In Close Encounters, the characters are constantly left asking, “Are we alone in the universe?” In Disclosure Day, we’re dropped into the middle of a conspiracy that confirms there is intelligent life beyond our solar system, and the government has been suppressing it. Even with this knowledge upfront, there’s a sense of mystery that looms over Disclosure Day. For all the questions it answers, it leaves just as many clouded in ambiguity. This is a thought-provoking film that tugs even more at our emotions, namely the curiosity that keeps us gazing at the sky.
Emily Blunt gives an arresting performance as Margaret Fairchild, a meteorologist who finds herself reporting more than the weather. One day, Margaret develops an almost telepathic ability, peering into people’s souls without even realizing it. Margaret also starts speaking other languages, some from other countries and at least one from another planet. It’s as if Margaret has become linked to every other person on Earth. She shares a particular bond with Josh O’Connor’s Daniel, a whistleblower sitting on a cover-up that stretches back decades.

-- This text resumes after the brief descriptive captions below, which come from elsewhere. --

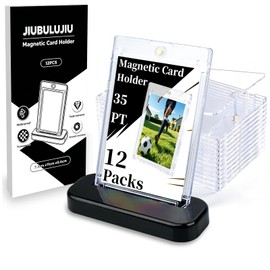 JIUBULUJIU 12 Pack Magnetic Card Holder with 1 Card Stand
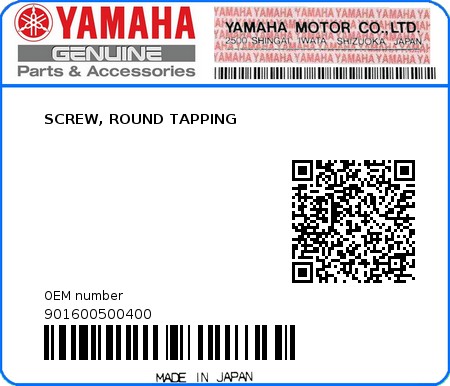 Product image: Yamaha - 901600500400 - SCREW, ROUND TAPPING  0
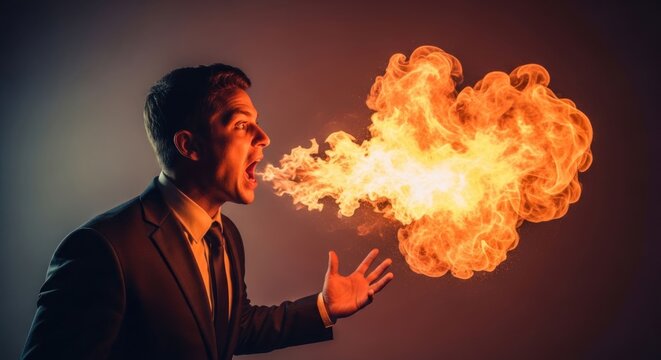 Man in suit spews fire, dramatic lighting, anger and rage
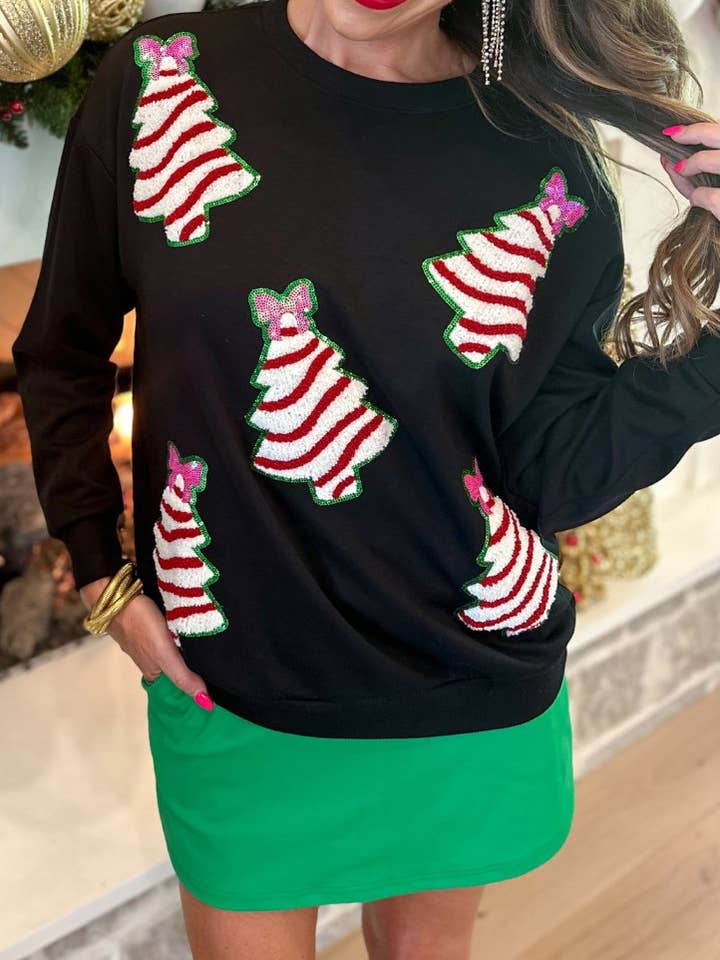 Black Cute Christmas Tree Sequins Slouchy Sweatshirt for wholesale on Faire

Daniel goes on the run with his girlfriend Jane (Eve Hewson), who once considered becoming a nun. Jane nonetheless maintains a spiritual side, although she isn’t convinced that the world is ready for the information Daniel is determined to share. Aliens and religion are common themes in Spielberg’s films. Disclosure Day provides the most overt correlation between the two, with Elizabeth Marvel turning in strong supporting work as a nun who argues God created a vast universe for a reason. Definitive proof of God’s existence would perhaps be the only revelation that could trump the discovery of extraterrestrial life. Whatever or whoever is beyond the stars, faith is what bonds believers. Of course, there’s believing, and then there’s seeing.
Among other things, Disclosure Day is about the power of the truth. Daniel and Margaret are in the middle of two forces. One hellbent on repressing the facts and the other on sharing them with the world. Colin Firth is reserved yet intimidating as Noah Scanlon, the head of a secret organization tracking Daniel and Margaret. Even if he doesn’t always know their exact location, Scanlon has a way of getting inside other people’s heads. Colman Domingo’s Hugo Wakefield is the antithesis of Scanlon, who believes knowledge is a human right. So many choose to keep their heads in the sand, willing to believe whatever lies politicians feed them. Hugo plots not only to get the truth out, but to present it in a way that nobody can ignore or deny.
Aside from some less-than-convincing CGI animals and a few conversations that would’ve been fleshed out more, this is top-tier Spielberg. By the finale of Disclosure Day, the audience pretty much knows what the main characters do. Remarkably, though, we’re still left on the edge of our seats in anticipation. Throughout Disclosure Day, I was overcome with a sentiment that I hadn’t experienced in a while. The sense that I was not only watching something important, but that I was part of something larger, and everyone else in the theater was taking it in with me. Like Spielberg’s best films, Disclosure Day is a communal outing that reminds us why we go to the cinema.